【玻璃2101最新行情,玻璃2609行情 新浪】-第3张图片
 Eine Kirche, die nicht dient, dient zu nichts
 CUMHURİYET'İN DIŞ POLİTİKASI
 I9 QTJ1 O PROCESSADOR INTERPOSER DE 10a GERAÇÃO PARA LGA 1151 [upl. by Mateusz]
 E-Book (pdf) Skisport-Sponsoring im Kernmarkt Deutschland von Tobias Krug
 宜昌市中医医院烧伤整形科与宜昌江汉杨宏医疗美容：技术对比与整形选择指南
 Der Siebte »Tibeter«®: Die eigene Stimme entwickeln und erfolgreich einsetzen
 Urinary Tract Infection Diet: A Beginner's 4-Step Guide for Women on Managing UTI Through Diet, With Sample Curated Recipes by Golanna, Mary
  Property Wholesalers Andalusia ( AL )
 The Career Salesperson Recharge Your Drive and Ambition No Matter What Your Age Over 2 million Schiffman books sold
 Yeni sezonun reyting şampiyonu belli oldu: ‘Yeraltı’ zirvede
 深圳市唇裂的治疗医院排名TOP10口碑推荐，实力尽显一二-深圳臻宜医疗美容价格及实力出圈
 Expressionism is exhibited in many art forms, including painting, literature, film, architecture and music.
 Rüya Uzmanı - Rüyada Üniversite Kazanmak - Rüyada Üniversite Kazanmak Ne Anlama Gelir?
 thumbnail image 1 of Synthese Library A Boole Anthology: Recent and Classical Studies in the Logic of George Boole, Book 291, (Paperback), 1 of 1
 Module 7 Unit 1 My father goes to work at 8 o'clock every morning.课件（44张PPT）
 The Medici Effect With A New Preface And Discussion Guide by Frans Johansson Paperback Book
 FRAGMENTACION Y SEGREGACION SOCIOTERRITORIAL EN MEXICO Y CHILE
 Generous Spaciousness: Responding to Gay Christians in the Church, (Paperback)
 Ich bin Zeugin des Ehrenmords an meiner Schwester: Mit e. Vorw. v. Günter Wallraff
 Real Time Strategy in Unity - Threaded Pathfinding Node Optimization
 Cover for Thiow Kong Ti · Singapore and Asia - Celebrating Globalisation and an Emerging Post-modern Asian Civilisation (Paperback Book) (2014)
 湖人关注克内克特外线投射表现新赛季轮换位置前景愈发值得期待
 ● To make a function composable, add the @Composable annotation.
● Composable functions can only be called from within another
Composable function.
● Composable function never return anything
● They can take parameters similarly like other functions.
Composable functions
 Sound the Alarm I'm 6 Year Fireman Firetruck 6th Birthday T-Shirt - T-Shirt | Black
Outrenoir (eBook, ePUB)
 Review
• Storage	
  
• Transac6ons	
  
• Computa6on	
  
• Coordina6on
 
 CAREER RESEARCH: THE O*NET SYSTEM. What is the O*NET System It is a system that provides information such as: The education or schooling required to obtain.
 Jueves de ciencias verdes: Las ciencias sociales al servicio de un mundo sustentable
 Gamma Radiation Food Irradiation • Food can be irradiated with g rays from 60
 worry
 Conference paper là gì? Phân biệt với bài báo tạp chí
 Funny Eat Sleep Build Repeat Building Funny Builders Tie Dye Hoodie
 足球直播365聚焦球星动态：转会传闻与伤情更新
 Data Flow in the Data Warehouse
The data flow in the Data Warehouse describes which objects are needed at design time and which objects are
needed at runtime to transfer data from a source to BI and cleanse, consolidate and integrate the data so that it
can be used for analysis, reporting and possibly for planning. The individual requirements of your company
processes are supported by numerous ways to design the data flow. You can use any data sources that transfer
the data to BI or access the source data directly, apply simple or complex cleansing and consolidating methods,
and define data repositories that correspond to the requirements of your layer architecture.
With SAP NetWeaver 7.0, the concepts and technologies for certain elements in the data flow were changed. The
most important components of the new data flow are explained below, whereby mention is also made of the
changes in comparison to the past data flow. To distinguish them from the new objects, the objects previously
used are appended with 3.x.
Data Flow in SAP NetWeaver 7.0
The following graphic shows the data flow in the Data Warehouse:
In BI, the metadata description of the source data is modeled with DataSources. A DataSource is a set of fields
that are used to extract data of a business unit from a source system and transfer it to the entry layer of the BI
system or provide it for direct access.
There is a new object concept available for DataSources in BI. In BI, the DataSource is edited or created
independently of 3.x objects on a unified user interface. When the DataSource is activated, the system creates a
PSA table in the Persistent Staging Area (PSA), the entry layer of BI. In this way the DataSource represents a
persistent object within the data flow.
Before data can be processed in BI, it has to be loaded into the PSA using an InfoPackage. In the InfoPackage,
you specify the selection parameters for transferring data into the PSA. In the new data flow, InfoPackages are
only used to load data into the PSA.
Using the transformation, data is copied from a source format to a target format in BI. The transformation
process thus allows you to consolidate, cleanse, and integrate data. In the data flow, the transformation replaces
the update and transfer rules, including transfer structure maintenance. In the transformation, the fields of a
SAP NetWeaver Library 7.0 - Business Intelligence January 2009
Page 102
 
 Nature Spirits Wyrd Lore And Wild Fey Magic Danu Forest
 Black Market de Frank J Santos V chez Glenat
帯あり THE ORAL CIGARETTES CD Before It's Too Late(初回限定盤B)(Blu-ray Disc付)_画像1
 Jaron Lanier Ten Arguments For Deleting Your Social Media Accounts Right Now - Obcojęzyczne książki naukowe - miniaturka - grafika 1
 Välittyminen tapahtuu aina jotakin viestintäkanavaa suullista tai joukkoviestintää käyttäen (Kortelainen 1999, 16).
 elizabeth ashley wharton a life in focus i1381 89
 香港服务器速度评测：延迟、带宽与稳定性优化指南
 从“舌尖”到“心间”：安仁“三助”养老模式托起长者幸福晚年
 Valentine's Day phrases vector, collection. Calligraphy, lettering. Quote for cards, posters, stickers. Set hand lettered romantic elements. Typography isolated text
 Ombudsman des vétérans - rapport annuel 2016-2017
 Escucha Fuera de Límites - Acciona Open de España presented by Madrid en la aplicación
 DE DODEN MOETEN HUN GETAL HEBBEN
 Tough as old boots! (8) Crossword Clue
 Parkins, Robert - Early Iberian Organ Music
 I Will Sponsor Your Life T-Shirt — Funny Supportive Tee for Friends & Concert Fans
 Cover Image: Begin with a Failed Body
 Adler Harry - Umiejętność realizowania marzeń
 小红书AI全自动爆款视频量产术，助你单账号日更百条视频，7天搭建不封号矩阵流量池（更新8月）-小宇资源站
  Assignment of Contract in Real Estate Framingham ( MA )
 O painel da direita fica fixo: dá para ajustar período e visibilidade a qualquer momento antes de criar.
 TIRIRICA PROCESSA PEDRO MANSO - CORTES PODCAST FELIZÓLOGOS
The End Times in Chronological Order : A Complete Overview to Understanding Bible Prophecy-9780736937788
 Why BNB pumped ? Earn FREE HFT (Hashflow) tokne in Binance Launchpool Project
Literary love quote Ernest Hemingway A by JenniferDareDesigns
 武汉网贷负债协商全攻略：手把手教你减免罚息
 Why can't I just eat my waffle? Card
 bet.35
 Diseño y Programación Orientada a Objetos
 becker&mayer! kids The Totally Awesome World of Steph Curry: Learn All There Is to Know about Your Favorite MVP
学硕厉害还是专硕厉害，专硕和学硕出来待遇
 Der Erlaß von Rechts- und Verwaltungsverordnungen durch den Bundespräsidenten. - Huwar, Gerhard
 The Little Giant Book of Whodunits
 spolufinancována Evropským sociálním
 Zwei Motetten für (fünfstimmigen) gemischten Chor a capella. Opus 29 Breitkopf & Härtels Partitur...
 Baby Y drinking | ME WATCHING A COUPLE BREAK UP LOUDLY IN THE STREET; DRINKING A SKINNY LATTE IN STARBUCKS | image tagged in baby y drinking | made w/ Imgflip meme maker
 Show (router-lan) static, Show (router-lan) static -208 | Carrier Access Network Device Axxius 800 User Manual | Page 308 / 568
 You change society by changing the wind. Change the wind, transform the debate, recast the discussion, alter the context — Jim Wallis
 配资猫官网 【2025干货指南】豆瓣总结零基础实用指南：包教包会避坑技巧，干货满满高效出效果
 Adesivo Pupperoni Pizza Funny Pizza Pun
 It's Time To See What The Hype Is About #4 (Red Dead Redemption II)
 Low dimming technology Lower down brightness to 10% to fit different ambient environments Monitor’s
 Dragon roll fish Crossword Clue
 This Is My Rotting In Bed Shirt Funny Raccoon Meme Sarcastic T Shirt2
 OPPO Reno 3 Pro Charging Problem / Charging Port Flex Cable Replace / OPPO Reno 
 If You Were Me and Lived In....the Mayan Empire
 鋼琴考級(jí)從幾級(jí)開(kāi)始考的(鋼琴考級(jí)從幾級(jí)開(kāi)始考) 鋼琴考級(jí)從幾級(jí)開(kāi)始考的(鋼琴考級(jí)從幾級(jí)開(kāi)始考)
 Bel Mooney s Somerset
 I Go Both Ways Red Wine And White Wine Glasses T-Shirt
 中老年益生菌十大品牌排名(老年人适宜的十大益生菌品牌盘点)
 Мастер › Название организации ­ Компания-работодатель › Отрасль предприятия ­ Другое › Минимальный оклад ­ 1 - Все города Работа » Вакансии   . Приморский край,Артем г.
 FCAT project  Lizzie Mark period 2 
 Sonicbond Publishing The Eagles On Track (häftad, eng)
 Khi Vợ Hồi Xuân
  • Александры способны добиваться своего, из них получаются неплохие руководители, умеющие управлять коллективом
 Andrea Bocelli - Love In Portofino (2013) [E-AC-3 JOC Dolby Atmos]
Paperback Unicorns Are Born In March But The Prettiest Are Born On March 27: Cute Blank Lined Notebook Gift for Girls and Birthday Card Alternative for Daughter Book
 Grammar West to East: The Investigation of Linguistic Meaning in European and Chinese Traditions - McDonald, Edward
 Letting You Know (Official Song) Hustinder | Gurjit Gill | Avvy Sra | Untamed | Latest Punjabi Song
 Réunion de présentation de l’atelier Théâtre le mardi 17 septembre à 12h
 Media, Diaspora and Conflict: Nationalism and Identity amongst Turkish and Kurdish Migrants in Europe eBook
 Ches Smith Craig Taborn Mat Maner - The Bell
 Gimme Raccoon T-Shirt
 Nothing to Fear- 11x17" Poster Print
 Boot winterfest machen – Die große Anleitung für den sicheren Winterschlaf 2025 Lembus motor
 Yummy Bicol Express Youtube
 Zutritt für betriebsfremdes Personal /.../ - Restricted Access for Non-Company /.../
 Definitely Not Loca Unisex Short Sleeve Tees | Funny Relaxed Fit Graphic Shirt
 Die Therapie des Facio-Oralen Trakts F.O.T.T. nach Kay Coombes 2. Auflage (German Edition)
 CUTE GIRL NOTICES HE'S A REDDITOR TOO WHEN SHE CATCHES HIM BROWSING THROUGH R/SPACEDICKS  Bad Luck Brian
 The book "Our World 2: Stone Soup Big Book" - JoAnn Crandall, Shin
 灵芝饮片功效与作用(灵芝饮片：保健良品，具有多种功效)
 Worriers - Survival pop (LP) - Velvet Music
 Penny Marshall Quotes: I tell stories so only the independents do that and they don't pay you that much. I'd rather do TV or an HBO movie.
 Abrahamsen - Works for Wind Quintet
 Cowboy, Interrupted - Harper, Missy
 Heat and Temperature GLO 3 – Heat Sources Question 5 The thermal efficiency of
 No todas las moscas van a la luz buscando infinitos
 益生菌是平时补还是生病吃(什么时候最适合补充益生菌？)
________
**What the task asks:** Precisely the lines between those holding "SAP NetWeaver Library" and "Valentine's Day phrases", inclusive, are to be reproduced from the listing above, with nothing added.

**Task output:**
SAP NetWeaver Library 7.0 - Business Intelligence January 2009
Page 102
 
 Nature Spirits Wyrd Lore And Wild Fey Magic Danu Forest
 Black Market de Frank J Santos V chez Glenat
帯あり THE ORAL CIGARETTES CD Before It's Too Late(初回限定盤B)(Blu-ray Disc付)_画像1
 Jaron Lanier Ten Arguments For Deleting Your Social Media Accounts Right Now - Obcojęzyczne książki naukowe - miniaturka - grafika 1
 Välittyminen tapahtuu aina jotakin viestintäkanavaa suullista tai joukkoviestintää käyttäen (Kortelainen 1999, 16).
 elizabeth ashley wharton a life in focus i1381 89
 香港服务器速度评测：延迟、带宽与稳定性优化指南
 从“舌尖”到“心间”：安仁“三助”养老模式托起长者幸福晚年
 Valentine's Day phrases vector, collection. Calligraphy, lettering. Quote for cards, posters, stickers. Set hand lettered romantic elements. Typography isolated text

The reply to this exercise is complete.